──────── Task input ────────

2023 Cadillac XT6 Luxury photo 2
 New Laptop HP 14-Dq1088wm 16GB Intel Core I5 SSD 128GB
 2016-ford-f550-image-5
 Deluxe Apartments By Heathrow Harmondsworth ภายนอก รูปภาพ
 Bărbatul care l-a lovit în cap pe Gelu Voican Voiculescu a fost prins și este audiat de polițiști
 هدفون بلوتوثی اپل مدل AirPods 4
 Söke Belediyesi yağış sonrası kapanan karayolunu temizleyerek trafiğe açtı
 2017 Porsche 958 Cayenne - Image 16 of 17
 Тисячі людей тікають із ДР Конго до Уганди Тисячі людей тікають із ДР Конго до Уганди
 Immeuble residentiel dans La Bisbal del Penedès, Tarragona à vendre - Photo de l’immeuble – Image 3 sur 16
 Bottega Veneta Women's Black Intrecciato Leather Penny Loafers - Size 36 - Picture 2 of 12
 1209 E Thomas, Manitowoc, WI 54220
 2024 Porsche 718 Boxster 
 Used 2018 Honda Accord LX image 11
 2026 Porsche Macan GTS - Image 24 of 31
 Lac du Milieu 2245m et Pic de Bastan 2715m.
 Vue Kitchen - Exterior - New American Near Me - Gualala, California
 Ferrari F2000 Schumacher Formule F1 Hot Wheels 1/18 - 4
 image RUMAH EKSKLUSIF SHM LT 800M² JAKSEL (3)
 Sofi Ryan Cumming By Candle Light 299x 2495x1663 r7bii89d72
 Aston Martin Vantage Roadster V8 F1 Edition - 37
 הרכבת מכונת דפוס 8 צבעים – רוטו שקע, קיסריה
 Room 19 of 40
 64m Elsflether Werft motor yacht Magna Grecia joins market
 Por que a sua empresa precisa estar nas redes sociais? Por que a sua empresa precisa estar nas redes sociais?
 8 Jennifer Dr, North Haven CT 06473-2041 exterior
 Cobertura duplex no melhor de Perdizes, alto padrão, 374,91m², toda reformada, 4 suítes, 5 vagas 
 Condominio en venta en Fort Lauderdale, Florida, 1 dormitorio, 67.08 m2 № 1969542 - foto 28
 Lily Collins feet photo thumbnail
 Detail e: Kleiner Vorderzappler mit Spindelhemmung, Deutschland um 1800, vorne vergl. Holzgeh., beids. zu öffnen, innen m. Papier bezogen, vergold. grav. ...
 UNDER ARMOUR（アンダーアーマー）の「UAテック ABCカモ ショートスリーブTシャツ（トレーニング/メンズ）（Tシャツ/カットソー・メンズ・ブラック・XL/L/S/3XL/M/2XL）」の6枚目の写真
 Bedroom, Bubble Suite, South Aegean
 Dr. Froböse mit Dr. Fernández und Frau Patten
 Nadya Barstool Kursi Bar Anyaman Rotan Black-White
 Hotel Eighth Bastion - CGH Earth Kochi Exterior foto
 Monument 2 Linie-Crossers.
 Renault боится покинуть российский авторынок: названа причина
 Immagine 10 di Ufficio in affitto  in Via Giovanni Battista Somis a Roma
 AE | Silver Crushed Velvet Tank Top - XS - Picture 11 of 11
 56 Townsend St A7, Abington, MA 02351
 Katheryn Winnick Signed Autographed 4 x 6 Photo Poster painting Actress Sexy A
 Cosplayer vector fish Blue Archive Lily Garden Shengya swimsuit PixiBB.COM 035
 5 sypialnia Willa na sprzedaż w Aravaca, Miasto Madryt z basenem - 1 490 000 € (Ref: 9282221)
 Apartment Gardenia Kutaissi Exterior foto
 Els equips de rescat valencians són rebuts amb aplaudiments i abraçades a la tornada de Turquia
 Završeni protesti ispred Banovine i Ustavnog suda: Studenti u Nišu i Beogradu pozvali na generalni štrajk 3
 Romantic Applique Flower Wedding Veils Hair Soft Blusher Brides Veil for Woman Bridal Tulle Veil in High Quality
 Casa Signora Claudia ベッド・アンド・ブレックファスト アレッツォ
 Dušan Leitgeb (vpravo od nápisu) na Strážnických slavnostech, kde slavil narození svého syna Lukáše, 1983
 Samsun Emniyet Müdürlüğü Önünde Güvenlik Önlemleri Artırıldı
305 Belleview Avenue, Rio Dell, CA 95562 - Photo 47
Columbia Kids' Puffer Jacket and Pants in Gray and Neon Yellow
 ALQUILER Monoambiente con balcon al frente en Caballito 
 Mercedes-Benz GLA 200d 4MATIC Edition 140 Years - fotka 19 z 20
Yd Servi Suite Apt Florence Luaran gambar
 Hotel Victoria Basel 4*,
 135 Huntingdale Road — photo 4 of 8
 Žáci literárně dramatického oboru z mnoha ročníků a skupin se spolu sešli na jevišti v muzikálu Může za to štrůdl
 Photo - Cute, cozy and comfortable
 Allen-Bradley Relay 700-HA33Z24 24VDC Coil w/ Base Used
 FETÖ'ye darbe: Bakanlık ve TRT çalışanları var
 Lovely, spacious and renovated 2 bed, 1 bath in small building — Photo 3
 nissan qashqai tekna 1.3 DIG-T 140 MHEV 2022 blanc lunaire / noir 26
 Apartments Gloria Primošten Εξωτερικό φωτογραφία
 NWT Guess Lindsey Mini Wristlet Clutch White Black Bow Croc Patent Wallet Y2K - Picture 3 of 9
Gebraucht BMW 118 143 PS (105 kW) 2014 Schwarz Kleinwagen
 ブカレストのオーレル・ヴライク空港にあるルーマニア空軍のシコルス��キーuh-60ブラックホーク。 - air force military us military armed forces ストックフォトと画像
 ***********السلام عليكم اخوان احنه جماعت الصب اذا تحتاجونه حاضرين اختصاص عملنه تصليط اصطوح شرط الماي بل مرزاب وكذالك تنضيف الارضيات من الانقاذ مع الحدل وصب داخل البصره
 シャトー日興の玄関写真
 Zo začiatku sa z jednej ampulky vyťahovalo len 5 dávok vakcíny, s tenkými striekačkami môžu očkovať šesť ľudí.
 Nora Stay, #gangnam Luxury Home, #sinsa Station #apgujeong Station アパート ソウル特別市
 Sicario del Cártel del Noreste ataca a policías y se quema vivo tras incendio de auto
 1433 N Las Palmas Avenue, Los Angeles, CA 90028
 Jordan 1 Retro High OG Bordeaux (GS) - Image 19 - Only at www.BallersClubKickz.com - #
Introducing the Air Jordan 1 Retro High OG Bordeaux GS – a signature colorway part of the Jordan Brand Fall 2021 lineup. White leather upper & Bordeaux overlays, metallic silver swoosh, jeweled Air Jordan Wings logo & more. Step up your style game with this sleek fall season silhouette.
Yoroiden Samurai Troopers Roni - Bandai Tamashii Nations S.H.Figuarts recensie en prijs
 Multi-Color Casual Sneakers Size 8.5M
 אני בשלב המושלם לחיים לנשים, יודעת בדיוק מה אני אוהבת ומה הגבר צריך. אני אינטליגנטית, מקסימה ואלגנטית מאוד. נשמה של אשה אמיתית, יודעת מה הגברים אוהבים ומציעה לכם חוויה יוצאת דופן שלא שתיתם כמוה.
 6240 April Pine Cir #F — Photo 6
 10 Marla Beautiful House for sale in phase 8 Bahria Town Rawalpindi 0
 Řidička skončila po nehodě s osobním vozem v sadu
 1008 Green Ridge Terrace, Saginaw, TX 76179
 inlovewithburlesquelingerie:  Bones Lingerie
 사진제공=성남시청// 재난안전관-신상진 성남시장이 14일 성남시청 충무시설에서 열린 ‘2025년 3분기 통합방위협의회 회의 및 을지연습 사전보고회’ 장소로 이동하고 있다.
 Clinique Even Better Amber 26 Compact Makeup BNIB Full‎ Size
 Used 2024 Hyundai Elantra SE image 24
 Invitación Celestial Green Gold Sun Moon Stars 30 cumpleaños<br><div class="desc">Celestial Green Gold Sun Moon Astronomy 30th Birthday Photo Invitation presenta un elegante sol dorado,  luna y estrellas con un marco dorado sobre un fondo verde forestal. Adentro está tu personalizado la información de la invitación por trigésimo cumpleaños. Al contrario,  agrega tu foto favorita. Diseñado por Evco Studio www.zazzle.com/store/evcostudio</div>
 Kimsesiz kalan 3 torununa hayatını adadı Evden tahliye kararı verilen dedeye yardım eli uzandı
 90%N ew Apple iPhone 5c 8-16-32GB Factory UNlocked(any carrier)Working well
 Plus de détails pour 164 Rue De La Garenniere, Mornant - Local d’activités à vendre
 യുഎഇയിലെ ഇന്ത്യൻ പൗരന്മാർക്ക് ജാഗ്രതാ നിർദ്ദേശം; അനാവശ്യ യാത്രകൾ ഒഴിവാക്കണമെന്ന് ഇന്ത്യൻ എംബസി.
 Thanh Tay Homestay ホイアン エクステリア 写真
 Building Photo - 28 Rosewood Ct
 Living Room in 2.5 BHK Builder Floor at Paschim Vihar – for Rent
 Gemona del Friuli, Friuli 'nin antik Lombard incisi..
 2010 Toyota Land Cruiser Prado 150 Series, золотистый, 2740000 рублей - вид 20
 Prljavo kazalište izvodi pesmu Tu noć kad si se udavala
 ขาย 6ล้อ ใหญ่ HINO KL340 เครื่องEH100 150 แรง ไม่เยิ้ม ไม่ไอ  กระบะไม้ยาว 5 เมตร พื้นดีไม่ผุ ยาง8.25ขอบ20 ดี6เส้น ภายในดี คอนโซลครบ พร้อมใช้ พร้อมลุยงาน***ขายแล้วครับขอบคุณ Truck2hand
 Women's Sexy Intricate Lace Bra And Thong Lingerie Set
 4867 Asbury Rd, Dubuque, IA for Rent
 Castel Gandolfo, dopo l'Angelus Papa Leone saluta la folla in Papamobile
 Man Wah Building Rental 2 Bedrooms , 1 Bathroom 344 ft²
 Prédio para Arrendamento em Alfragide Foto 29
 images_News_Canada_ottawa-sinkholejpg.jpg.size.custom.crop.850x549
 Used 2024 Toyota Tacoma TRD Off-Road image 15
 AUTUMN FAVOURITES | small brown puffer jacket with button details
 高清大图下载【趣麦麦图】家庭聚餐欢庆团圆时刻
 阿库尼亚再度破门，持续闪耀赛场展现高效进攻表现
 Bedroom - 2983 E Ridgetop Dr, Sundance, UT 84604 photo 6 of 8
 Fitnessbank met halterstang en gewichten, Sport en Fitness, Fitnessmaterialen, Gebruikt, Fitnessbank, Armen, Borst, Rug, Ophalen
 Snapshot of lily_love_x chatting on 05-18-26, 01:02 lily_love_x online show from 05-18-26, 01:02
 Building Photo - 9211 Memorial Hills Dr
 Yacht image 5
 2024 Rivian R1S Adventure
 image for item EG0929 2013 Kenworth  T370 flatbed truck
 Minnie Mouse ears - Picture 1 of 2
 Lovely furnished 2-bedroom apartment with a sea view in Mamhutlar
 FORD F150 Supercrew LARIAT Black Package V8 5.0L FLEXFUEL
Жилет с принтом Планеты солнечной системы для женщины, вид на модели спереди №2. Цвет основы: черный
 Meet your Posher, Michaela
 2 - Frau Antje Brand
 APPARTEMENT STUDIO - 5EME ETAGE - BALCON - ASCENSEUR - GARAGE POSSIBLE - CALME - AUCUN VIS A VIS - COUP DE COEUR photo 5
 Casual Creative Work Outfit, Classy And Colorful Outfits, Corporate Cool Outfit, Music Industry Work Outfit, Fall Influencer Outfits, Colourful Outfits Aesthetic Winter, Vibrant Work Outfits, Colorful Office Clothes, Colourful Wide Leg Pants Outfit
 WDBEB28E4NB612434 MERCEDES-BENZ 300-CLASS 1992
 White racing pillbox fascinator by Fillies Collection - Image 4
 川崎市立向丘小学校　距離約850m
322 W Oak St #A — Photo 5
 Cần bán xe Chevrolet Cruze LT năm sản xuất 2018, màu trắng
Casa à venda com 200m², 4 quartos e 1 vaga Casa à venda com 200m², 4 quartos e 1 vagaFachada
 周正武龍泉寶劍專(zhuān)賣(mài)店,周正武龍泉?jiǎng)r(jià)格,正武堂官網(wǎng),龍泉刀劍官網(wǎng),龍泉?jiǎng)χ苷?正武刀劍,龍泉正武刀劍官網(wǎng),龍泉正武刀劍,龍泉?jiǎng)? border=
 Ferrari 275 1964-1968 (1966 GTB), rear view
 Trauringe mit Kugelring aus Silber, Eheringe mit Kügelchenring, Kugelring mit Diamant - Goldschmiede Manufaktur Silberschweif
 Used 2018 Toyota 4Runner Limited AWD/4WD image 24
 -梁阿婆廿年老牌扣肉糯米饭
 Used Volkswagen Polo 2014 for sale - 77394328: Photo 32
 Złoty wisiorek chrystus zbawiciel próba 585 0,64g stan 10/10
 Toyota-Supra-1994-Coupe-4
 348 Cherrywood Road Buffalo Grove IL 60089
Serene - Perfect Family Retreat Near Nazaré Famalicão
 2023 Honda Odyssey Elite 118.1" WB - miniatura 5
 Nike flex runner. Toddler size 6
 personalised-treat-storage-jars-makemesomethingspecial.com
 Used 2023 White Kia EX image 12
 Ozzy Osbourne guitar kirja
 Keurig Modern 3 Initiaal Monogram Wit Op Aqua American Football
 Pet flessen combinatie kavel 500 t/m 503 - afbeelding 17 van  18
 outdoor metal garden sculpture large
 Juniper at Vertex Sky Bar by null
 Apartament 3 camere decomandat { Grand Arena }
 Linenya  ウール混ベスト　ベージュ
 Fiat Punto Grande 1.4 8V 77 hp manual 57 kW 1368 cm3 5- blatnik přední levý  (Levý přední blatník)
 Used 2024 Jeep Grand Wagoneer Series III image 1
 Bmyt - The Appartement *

────────

> Required work:
The response must consist solely of the lines from the first line of the entries through the line containing "64m Elsflether Werft", repeated exactly.

> Task result:
2023 Cadillac XT6 Luxury photo 2
 New Laptop HP 14-Dq1088wm 16GB Intel Core I5 SSD 128GB
 2016-ford-f550-image-5
 Deluxe Apartments By Heathrow Harmondsworth ภายนอก รูปภาพ
 Bărbatul care l-a lovit în cap pe Gelu Voican Voiculescu a fost prins și este audiat de polițiști
 هدفون بلوتوثی اپل مدل AirPods 4
 Söke Belediyesi yağış sonrası kapanan karayolunu temizleyerek trafiğe açtı
 2017 Porsche 958 Cayenne - Image 16 of 17
 Тисячі людей тікають із ДР Конго до Уганди Тисячі людей тікають із ДР Конго до Уганди
 Immeuble residentiel dans La Bisbal del Penedès, Tarragona à vendre - Photo de l’immeuble – Image 3 sur 16
 Bottega Veneta Women's Black Intrecciato Leather Penny Loafers - Size 36 - Picture 2 of 12
 1209 E Thomas, Manitowoc, WI 54220
 2024 Porsche 718 Boxster 
 Used 2018 Honda Accord LX image 11
 2026 Porsche Macan GTS - Image 24 of 31
 Lac du Milieu 2245m et Pic de Bastan 2715m.
 Vue Kitchen - Exterior - New American Near Me - Gualala, California
 Ferrari F2000 Schumacher Formule F1 Hot Wheels 1/18 - 4
 image RUMAH EKSKLUSIF SHM LT 800M² JAKSEL (3)
 Sofi Ryan Cumming By Candle Light 299x 2495x1663 r7bii89d72
 Aston Martin Vantage Roadster V8 F1 Edition - 37
 הרכבת מכונת דפוס 8 צבעים – רוטו שקע, קיסריה
 Room 19 of 40
 64m Elsflether Werft motor yacht Magna Grecia joins market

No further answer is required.